I recall early in my career in a meeting with the CFO of my top client to discuss a Green Technology initiative the I.T. Director and I had been working on for weeks. We were proposing replacing their current server infrastructure with new blade servers, about 15 minutes into the meeting the CFO asks “What is this going to cost?”. When he learned the price tag he abruptly ended the meeting as “there was no way they were going to spend that much money on new equipment when the old equipment was working just fine”.
While the I.T. Director took this as a defeat, I saw a clear opportunity in the statement “working just fine”. I needed to quantify how much the status quo was costing the company annually. As it turned out “working just fine” meant that the company was spending well over $800,000 maintaining their current server infrastructure (heating/cooling, out warranty maintenance, etc.). What the CFO did not realize about the blade solution was that the heating and cooling cost reduction alone would net a 1st year savings of $500,000 plus the tax benefits of implementing green technology.
The CFO almost cost his company well over a half million dollars annually with an “if it ain’t broke don’t fix it” decision.
In the SMB market “time is money” and I would be willing to bet there are several processes and procedures in your organization that are costing you significant time.

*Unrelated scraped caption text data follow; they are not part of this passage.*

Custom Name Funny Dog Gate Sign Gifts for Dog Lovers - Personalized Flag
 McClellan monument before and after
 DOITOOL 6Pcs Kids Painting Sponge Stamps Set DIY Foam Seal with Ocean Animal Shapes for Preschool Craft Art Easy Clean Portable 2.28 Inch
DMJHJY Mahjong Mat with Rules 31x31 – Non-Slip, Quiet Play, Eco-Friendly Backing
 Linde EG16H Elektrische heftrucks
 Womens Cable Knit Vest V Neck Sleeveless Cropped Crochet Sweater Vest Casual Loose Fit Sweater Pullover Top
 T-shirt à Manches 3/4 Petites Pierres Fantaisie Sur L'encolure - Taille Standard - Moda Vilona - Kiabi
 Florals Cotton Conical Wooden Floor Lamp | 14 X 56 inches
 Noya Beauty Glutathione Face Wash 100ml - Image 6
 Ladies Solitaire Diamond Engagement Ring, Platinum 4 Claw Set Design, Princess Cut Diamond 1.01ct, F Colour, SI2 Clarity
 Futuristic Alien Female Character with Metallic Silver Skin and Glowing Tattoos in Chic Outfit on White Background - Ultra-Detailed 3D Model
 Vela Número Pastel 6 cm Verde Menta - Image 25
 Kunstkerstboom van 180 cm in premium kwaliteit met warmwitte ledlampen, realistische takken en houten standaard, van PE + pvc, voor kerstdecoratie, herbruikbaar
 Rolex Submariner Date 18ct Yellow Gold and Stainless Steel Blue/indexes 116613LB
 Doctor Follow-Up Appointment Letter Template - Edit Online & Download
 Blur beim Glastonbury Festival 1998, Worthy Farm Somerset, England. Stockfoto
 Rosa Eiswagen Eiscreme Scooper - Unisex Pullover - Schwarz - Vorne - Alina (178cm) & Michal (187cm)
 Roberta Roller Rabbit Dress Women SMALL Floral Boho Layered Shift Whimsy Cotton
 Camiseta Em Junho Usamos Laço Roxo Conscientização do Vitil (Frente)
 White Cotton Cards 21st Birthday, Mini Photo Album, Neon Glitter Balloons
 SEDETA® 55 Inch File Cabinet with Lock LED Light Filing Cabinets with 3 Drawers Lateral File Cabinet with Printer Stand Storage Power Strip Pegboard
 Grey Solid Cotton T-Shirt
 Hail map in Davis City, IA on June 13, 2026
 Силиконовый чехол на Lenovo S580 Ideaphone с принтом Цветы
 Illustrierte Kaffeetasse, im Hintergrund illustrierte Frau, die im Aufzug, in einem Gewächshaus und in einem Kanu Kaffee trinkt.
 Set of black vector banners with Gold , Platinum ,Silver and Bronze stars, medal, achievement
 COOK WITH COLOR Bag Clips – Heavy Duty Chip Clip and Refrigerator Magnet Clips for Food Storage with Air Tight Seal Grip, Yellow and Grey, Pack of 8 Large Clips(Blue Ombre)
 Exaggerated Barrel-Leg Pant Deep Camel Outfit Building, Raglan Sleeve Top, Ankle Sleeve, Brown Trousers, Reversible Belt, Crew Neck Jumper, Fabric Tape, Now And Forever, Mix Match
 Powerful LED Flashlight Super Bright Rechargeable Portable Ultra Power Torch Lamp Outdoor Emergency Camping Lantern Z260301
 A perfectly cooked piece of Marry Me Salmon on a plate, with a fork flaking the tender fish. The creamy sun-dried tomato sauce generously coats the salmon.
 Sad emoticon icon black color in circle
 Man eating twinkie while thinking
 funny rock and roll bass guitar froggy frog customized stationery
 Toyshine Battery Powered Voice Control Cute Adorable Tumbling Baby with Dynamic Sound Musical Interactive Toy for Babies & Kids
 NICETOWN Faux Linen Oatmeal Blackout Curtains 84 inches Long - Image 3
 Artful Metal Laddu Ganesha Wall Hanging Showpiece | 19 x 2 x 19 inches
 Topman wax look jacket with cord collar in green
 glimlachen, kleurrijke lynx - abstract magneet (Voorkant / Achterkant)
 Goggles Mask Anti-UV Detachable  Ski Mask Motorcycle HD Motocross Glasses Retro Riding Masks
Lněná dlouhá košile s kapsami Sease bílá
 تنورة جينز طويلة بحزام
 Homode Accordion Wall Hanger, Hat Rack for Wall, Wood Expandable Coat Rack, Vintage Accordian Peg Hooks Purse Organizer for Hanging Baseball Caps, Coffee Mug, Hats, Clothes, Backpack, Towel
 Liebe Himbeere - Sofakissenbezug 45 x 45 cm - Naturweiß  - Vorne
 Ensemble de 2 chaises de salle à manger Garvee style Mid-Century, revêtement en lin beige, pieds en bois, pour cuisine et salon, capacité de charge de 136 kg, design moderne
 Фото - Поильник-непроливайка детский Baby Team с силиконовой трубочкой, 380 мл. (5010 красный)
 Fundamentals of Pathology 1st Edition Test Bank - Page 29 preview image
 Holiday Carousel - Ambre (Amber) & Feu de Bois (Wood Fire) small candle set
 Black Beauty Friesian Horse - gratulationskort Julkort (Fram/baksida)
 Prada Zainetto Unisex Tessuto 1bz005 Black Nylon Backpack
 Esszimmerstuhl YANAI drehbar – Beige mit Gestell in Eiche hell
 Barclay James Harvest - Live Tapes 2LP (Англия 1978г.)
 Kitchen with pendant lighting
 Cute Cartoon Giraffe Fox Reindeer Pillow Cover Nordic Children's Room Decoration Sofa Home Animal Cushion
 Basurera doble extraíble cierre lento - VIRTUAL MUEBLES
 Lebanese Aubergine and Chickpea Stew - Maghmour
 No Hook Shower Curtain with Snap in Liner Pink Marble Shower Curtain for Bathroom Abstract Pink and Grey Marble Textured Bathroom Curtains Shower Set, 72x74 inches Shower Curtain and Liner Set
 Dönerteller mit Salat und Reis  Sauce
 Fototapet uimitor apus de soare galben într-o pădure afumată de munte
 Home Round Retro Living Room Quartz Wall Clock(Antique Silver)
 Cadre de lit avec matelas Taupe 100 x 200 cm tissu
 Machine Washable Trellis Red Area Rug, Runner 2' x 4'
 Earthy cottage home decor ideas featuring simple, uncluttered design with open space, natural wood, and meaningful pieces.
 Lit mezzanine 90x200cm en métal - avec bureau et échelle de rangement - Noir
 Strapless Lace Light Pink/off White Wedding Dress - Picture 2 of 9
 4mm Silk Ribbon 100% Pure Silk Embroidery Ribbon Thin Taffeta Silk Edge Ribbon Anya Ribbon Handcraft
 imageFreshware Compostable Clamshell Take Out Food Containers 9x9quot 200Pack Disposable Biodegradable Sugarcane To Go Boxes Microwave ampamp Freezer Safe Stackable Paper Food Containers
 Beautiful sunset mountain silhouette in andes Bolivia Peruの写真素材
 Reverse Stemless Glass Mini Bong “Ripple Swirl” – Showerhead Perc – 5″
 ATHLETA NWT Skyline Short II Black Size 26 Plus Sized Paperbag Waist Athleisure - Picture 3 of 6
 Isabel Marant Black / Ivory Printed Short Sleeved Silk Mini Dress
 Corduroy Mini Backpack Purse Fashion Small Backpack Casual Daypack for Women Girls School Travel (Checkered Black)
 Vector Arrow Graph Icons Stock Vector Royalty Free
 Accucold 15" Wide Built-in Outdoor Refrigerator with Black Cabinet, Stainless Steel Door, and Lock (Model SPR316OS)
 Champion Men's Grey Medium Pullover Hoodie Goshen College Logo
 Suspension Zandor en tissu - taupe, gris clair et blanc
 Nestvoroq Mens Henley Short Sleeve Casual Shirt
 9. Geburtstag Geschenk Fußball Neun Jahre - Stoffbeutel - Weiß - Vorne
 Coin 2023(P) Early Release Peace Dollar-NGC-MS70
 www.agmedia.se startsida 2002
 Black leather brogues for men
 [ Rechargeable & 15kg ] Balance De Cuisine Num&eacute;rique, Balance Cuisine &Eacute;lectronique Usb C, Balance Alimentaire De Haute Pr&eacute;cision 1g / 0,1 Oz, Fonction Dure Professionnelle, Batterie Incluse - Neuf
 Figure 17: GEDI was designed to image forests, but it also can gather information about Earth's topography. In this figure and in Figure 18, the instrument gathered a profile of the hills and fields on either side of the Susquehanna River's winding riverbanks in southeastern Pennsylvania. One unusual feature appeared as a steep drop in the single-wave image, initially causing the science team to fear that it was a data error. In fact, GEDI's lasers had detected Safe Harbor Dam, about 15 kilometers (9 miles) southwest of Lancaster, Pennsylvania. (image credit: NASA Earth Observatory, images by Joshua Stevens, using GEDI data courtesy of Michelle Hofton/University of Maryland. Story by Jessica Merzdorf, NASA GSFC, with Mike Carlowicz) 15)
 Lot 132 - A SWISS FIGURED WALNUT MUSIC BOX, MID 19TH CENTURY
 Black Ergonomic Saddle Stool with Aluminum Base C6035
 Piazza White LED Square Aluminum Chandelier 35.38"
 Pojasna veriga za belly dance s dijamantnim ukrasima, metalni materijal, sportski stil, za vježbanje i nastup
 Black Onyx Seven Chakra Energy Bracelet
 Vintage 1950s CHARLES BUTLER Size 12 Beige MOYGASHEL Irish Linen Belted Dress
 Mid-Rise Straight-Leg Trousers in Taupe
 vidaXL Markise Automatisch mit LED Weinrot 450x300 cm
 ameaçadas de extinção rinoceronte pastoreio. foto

Those beholden to the comfort of the current processes and procedures will fight change and will focus on the short term negative to bolster their position. SMB firms can’t grow focusing on the short term negative of change, time is too valuable in this hypercompetitive market space. If a drastic change may disrupt morale and create an overbearing short term negative look for ways to make small changes that yield huge returns, “Little Becomes Big”.
For a 50 employee firm a 15 second improvement across 30 tasks daily could return around 1,875 hours of productivity annually.
How many 15 second improvements could your organization make today?